Multiple Property Listing - The Architecture of James Maurice Ingram, 1929-1960, authored by Anton Banchy, Jill Breit, Alena Cieszko, Dale Rose, Sydney Varajon and Robin Zeigler. According to the nomination, “James Maurice Ingram is locally significant as the architect who helped shape the residential landscape of Bowling Green… He was the most prolific architect in Bowling Green’s history and had very little professional competition during the years he practiced in Warren County. He was the only architect in the city… to design residential structures in the 1930s and ‘40s, bringing nationally-favored residential styles to the area. Working through Roosevelt’s New Deal agencies and with private contracts, Ingram also designed many commercial and civic structures… bringing new styles… such as Art Deco and Art Moderne. Ingram also designed subdivision layouts, signs, entrances, display cabinets, gardens, fixture layouts, swimming pools, and even a Borders Milk Truck.”

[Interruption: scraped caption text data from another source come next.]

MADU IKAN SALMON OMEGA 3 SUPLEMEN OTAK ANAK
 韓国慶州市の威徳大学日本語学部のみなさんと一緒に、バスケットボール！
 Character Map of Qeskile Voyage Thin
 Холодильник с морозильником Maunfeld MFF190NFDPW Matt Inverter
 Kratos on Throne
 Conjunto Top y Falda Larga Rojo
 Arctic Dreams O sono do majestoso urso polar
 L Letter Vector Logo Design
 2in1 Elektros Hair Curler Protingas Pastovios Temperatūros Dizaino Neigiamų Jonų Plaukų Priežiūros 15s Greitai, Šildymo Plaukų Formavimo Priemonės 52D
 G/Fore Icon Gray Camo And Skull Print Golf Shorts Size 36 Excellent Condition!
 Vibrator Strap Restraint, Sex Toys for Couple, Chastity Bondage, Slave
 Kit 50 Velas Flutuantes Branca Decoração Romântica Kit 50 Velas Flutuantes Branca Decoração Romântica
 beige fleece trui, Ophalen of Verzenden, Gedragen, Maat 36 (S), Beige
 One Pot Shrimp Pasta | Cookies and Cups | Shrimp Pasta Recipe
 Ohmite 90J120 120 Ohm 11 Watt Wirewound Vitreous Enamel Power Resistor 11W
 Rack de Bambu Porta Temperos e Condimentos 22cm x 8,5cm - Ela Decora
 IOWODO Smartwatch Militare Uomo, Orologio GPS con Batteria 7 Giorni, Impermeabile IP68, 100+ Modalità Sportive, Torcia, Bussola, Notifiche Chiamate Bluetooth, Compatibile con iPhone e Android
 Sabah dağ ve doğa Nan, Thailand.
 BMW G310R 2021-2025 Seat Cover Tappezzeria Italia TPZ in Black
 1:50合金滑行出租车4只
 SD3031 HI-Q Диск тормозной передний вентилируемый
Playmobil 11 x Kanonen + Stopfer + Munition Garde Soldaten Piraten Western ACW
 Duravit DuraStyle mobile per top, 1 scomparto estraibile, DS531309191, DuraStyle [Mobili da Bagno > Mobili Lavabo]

In addition, two Ingram-designed homes were approved for listing:
Causey House, 936 Covington St., Bowling Green, authored by Sydney Varajon and Alena Cieszko, graduate students with the Western Kentucky University Department of Folk Studies. The L.K. Causey House is a two-story Colonial Revival cottage home with a center passage, double-pile plan, symmetrical façade and side gable roof. It was built in 1939 from a design by James Maurice Ingram, a prolific Bowling Green architect who also designed several neighboring properties. The house is being interpreted for its expression of his work, nominated under Criterion C, significant for architecture because of Ingram and as one of the best local residential examples of the Colonial Revival style.
Givens House, 814 Covington St., Bowling Green, authored by Sydney Varajon. The J.C. Givens House is a 1½-story, English Cottage variant of the Tudor Revival style home with an asymmetrical plan under a cross gable roof, constructed in 1938 from a design by James Maurice Ingram. The house is nominated under Criterion C, significant in the area of architecture as one of the best local residential examples of the Tudor Revival style and as the work of an important local architect. According to the author, “Referencing the influence of national trends toward Colonial and Tudor Revival aesthetics, Ingram homes also reflect elements of the architect’s own personal style.”
Versailles Elementary School, 229 S. Main St., Versailles, authored by Johan Graham, director of development at AU Associates, and Jonna Wallace, consultant. Versailles Elementary School is a three-story, five-bay brick structure, completed in 1939 as a Public Works Administration project and displaying characteristics of the Art Moderne style evident in other New Deal-era buildings. An earlier school at this location dated to 1828. The site contains a second contributing structure, a cafeteria and gymnasium dating to 1963. The buildings are nominated under Criterion A, significant for their role in local education, with the site’s historic significance evaluated within the context “Education in Versailles, Woodford County, 1875-1964.” According to the nomination, “The building’s site served as a seat of education in Versailles in changing auspices since the community’s earliest years.”